Mis Kokulu Suriyeli, Pis Kokulu Türkler

Geçtiğimiz Cuma günü Konya Tahir Büyükkörükçü Camisinde yaşanan olaya ait haber ve video görüntülerinin bir çok kişi tarafından ilgi ve şaşkınlıkla takip edildi.
Hoca efendinin anlattığı hikayenin şaşkınlık yaratmaması söz konusu olamaz.
Hoca efendi vaazında arkadaşlarından duyduğunu iddia ettiği olayda;
“Hatay depreminden sonra oradaki hoca kardeşlerimiz şöyle anlatıyorlar:
3-5 hafta geçti, cenazeleri yıkıyoruz, cenazeler kokmaya başladı. İçlerinden bir tanesi mis gibi kokuyor.  
Araştırdık, Suriyeli bir kardeşimizmiş" demektedir.
Hoca efendinin doğruluğu meçhul bu olaydan çıkarmamızı beklediği gereken ders, geçici statüdeki koruma amaçlı Suriyeli sığınmacılar ne kadar muhterem ve Allah tarafından sevilen kullar oldukları mıdır bilmem ama aynı yerlerdeki diğer cesetlerin Türklere aıt olacağından hareketle biraz ağır olacak ama leş olduğu iddiasıdır.
Kısaca ifade etmek gerekirse Türklerin cesetleri doğal olarak ağır kokarken Suriyelinin cesedi Allah nezdinde yüksek mertebeli olduğu için 1 ay sonra bile mis gibi kokuyormuş.
İmam efendinin yaptığı düpedüz Suriyeli yüceltilirken aziz milletimize hakaret mahiyetindedir, kabul edilmesi bir tarafa hoş görülmesi dahi düşünülemez.
Yüce dinimize göre depremde ölen iman sahipleri şehittir.
Milletin memurunun millete hakaret etmesi kabul edilemez.
Muhakkak bu uydurma hikaye nedeniyle kendisine gereken ceza verilmelidir.

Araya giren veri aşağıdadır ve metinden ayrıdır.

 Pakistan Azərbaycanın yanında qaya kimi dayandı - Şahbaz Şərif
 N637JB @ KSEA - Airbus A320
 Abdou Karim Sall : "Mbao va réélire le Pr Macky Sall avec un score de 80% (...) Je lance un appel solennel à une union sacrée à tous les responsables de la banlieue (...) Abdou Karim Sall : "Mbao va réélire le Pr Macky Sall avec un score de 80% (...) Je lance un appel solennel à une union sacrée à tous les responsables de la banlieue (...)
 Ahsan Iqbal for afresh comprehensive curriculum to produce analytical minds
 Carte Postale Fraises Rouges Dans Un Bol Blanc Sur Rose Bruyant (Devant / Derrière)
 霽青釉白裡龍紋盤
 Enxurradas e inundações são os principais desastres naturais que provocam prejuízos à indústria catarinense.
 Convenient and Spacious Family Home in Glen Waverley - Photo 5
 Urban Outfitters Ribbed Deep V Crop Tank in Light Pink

Türkiye her geçen gün kötü etkilerine maruz kaldığı kronikleşen bir sığınmacı olayı ile karşı karşıyadır. 
En son yapılan AB açıklaması tam anlamıyla skandal hüviyetindedir.
AB ve ülkemiz arasında yapılan geriye iade anlaşması kapsamında Türkiye’ye ödenen kişi başı 5 milyon avroya yakın desteğin varlığı, bu işin çözümüne kafa yoranlar arasında şaşkınlıkla karşılanmıştır.
Olaya nereden bakarsak bakalım ortaya çıkan bu durum ahlaken ve devlet onuru acısından korkunç bir durumdur.
Kaçak Suriye vatandaşlarının Türkiye’de koruma amaçlı geçici olarak bulunabilmesi için AB başta olmak üzere bir çok kaynaktan para alındığı kamuoyumuz tarafından bilinse bile meblağın tahminlerin üzerinde olabileceği değerlendirilmektedir.
Suriyeli sığınmacı sorunun çözümü ve gelenlerin geri gönderilmesinde hükümet tarafından ayak sürümenin birden fazla sebebi vardır.
Her ne kadar sayıları tarafsız gözlemciler tarafından hükümet açıklamasının bir kaç kat üzerinde olduğu tahmin edilen kaçakların büyük bölümünü çocuk ve kadınlar oluşturmaktaysa da bu şahıslar kalifiye olmayan iş gücü olarak çok düşük maliyetlerle kullanılmaktadır. 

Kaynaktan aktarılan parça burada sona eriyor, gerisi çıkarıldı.